Later that night, we shared a meal at the Westin and Jake treated all of us including his 2 roadies to dinner. We had a great talk-story session while waiting for our food. He talked about his wife and showed us pictures of his son Chase. We shared a great fellowship with him and his boys. And boy, as slender as he appears, Jake can grind! He put away a giant burger with fries and shared a bowl of Mac & Cheese with all of us! During Dinner, he even talked about his startup humble, younger, beginning days working at the Ala Moana House of Music with Aunty Lydia and Lea Uehara. Watching us Masters play the Ala Moana Shopping Center center stage and signing autographs at the House of Music with the thought and wish that he too might join us on that same arena one day! Well that day arrived in Edmonton!
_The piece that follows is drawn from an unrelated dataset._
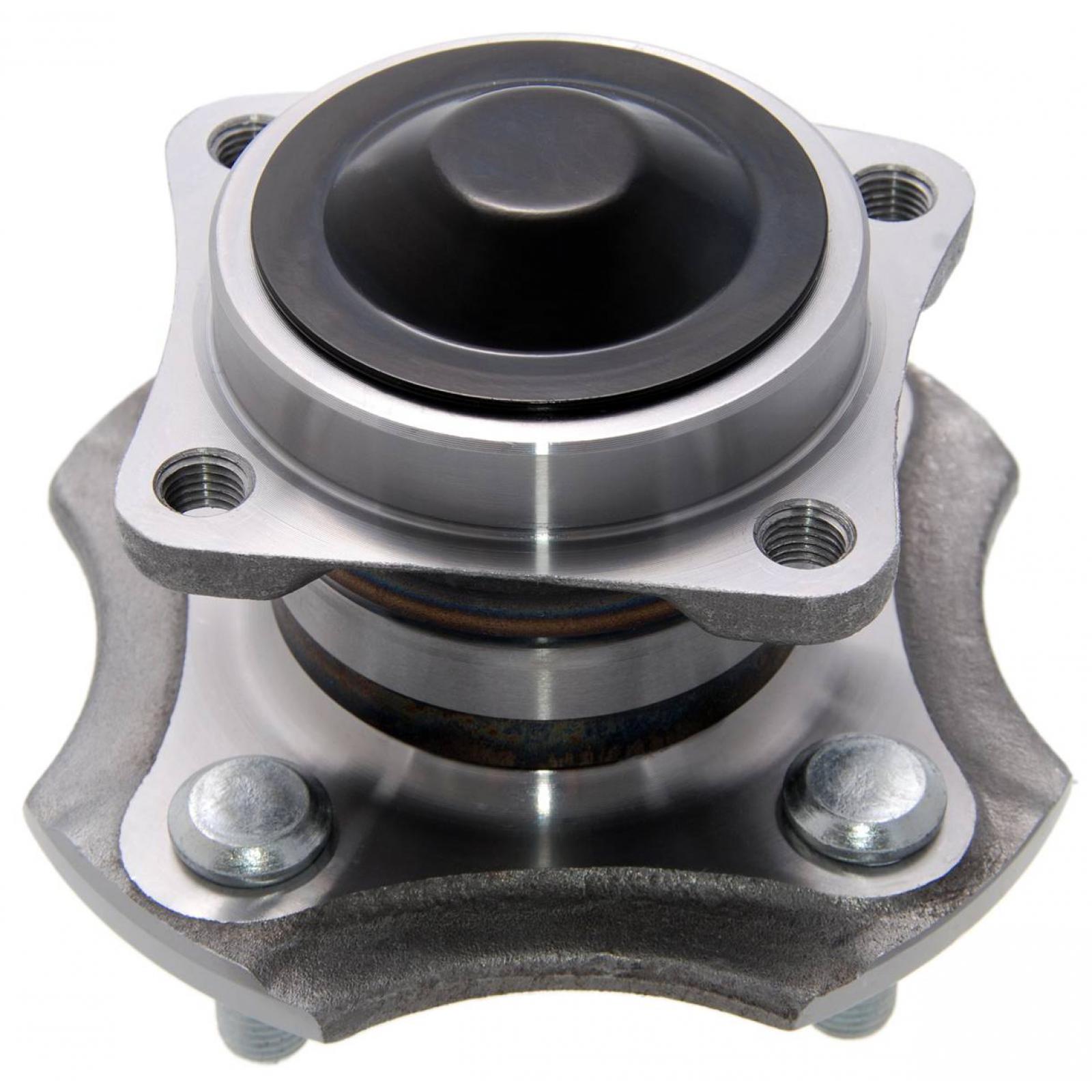 FEBEST 0182-ZZE121R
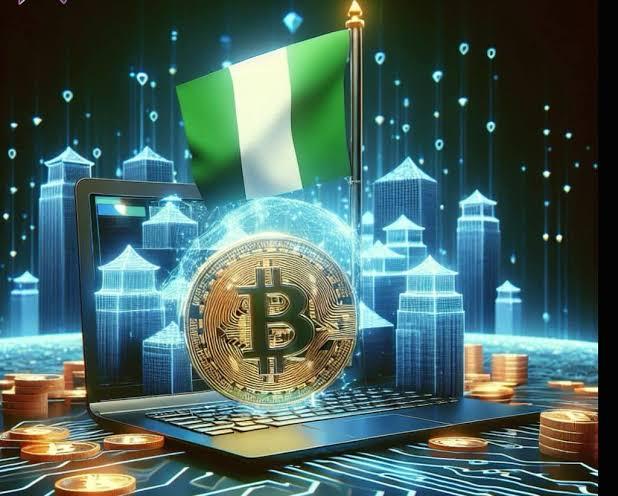 Top 10 Crypto Trading Companies  in Nigeria: Key Features on The Platforms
The next day we both had our own solo performances on various different stages. Jake watched our set, and we got to watch his set. During his set, there was no more of the old Jake jumping around trying to play super fast! What we, Richard, Ululani, Led and Sharon Kaapana, Nancy and I, all witnessed was the seasoned, sophisticated Jake who has been playing 6-7 months on the road all year round for the past 7 years. He was very gracious and humble and thanked us Masters of Hawaiian Music, Richard, Led and myself for leading the way and mentoring him over the years. His set was well diversified between his solos and covers of other top 40 hit songs (all instrumental) done on his Kamaka ukulele. His introductions to his songs were meaningful and his playing soulful, interesting and deliberate! He had both us “masters” as well as the entire audience mesmerized and eating from the tips of his Uke fingers . I thought to myself: here is a son of Hawaii, passing on the Aloha Spirit though his fingers, sharing local style Hawaiian values and thoughts and here is a true master of the Hawaiian Ukulele; a true ambassador of Hawaii and of our Hawaiian music. Except that it had his slant, Jake’s slant to it! His gestures and face expressions had meaning and added to his musicality, and his stories were really close to the heart and memorable. His music was beautiful as well as astonishing. Slow or fast, he played with intention to wow us. After his set he even offered to carry Ululani’s Eke (Bag) and Uncle Richard’s Ukulele. We were all charmed by Jake.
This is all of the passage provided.